▼
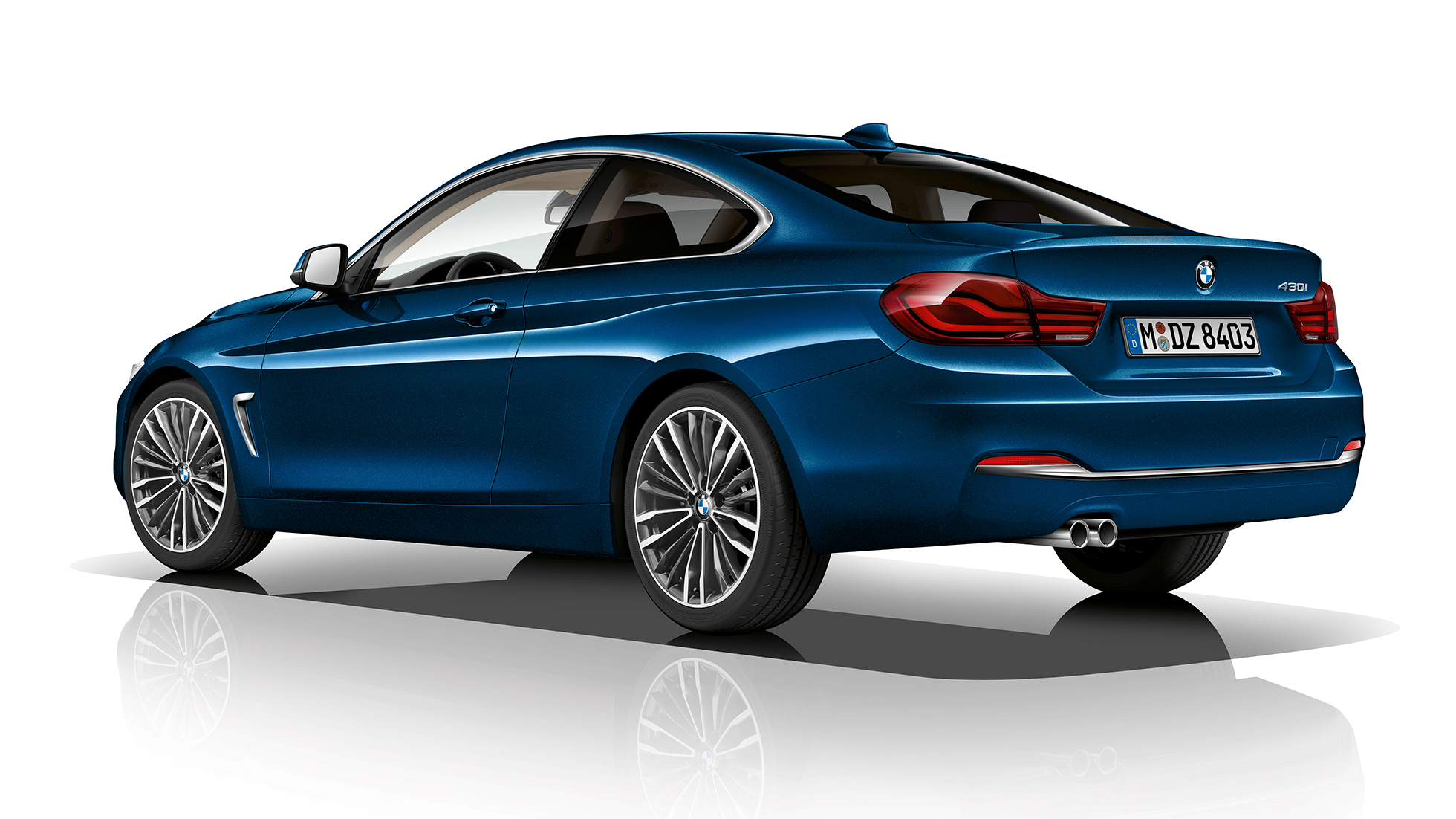BMW 4. sērijas Coupé, Luxury Line modeļa trīs ceturtdaļu aizmugures skats BMW 4. sērijas Coupé, Luxury Line modeļa trīs ceturtdaļu aizmugures skats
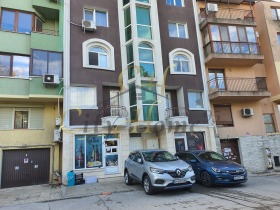 Продажба на имоти в Цветен квартал, град Варна - изображение 18 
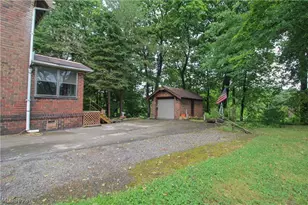 1719 Ohio Ave, Youngstown, OH 44504 - Photo 37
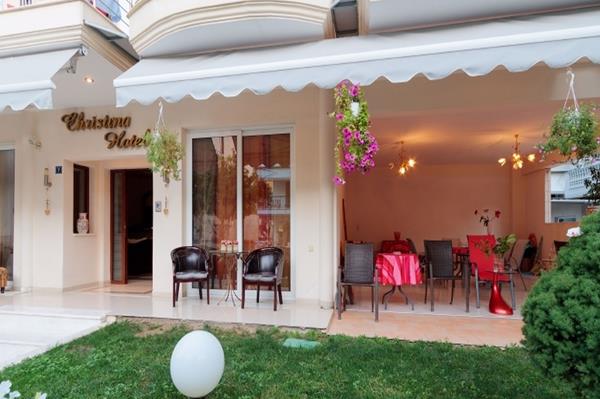 Christina Hotel - bašta hotela.jpg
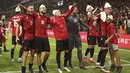 Para pemain Albania merayakan kemenangan mereka atas Republik Ceko dalam lanjutan laga Grup E Kualifikasi Euro 2024 di Air Albania Stadium, Jumat (13/10/2023). (AP Photo/Franc Zhurda)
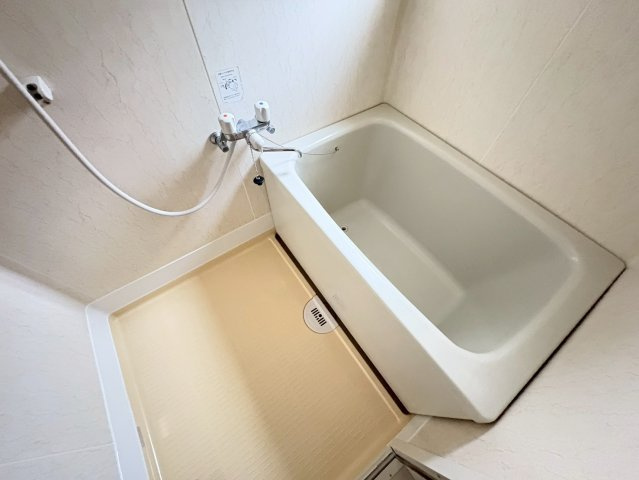 石橋ハイツＢ棟の浴室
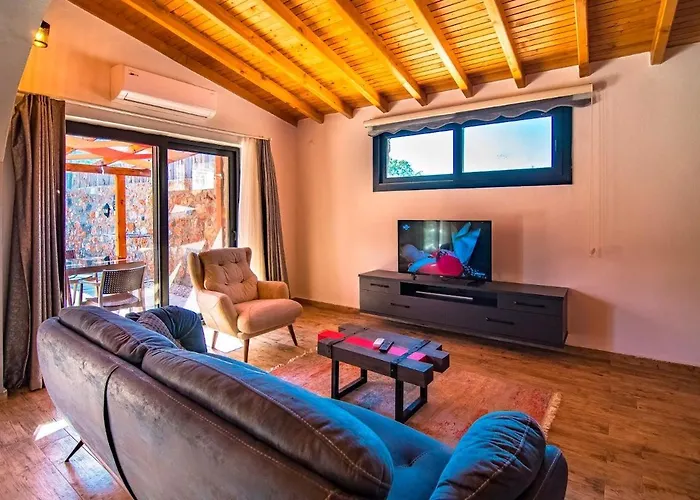 Honeymoon With Sheltered Pool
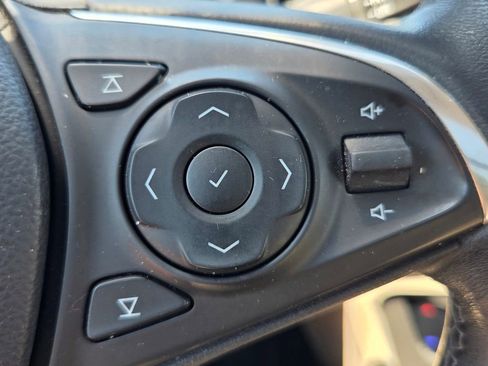 Used 2019 Buick Envision Premium w/ Driver Confidence Package AWD/4WD image 16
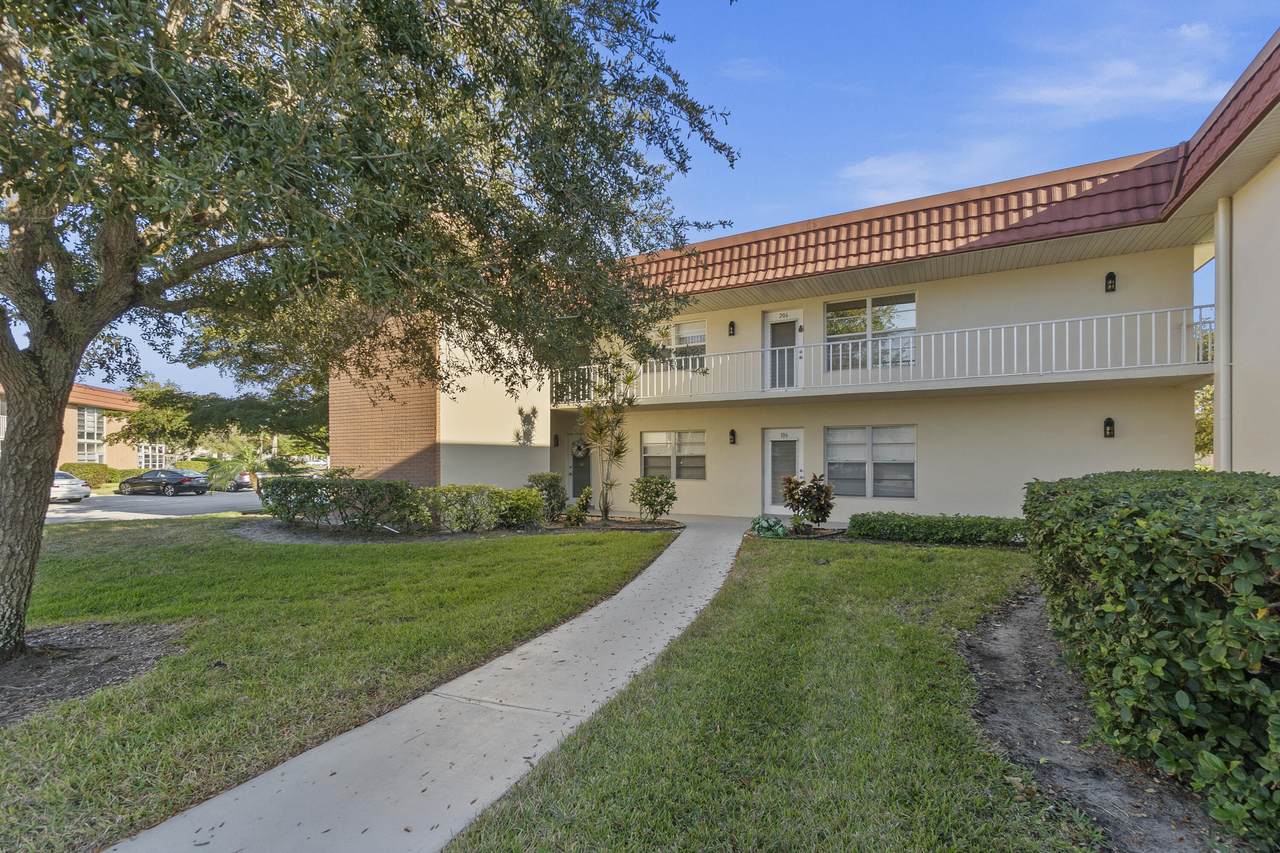 75 Royal Oak Court - Photo 1
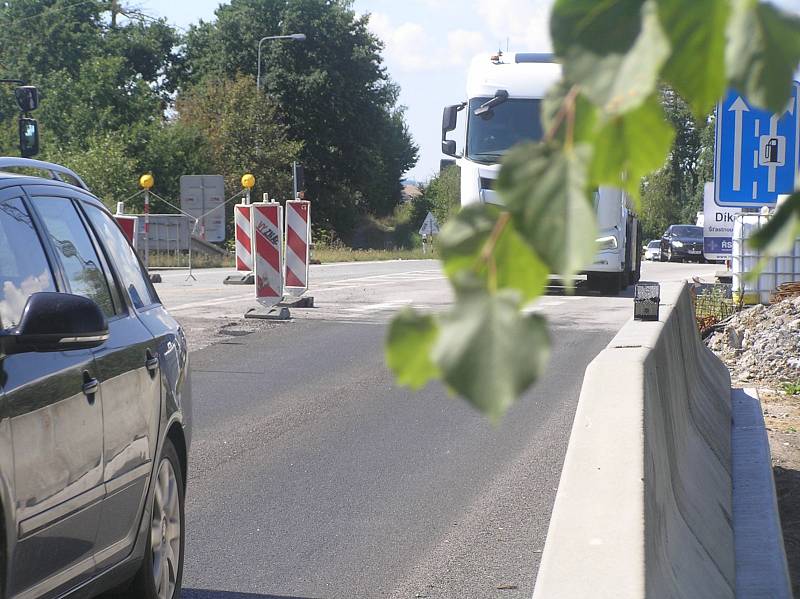 Opravy dvou mostů u Pohledských Dvořáků omezují dopravu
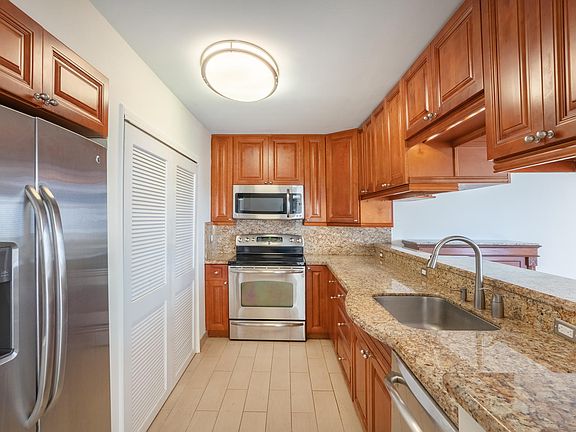 3rd image of 3930 S Roosevelt Blvd #E305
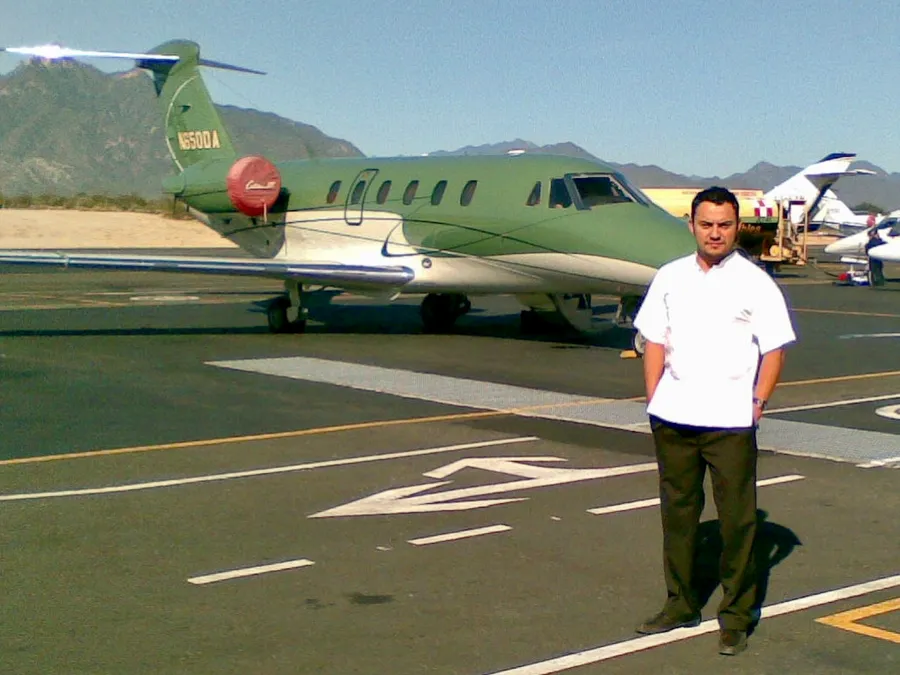 El Dr. Grimaldo junto a una aeronave de traslado médico en la pista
▲
--- Task directions ---
Leave the pictures out and restate exactly the lines from the one that has "3rd image of 3930 S Roosevelt Blvd #E305" through the final line of the entries above, both ends included.

--- Your response ---
 3rd image of 3930 S Roosevelt Blvd #E305
 El Dr. Grimaldo junto a una aeronave de traslado médico en la pista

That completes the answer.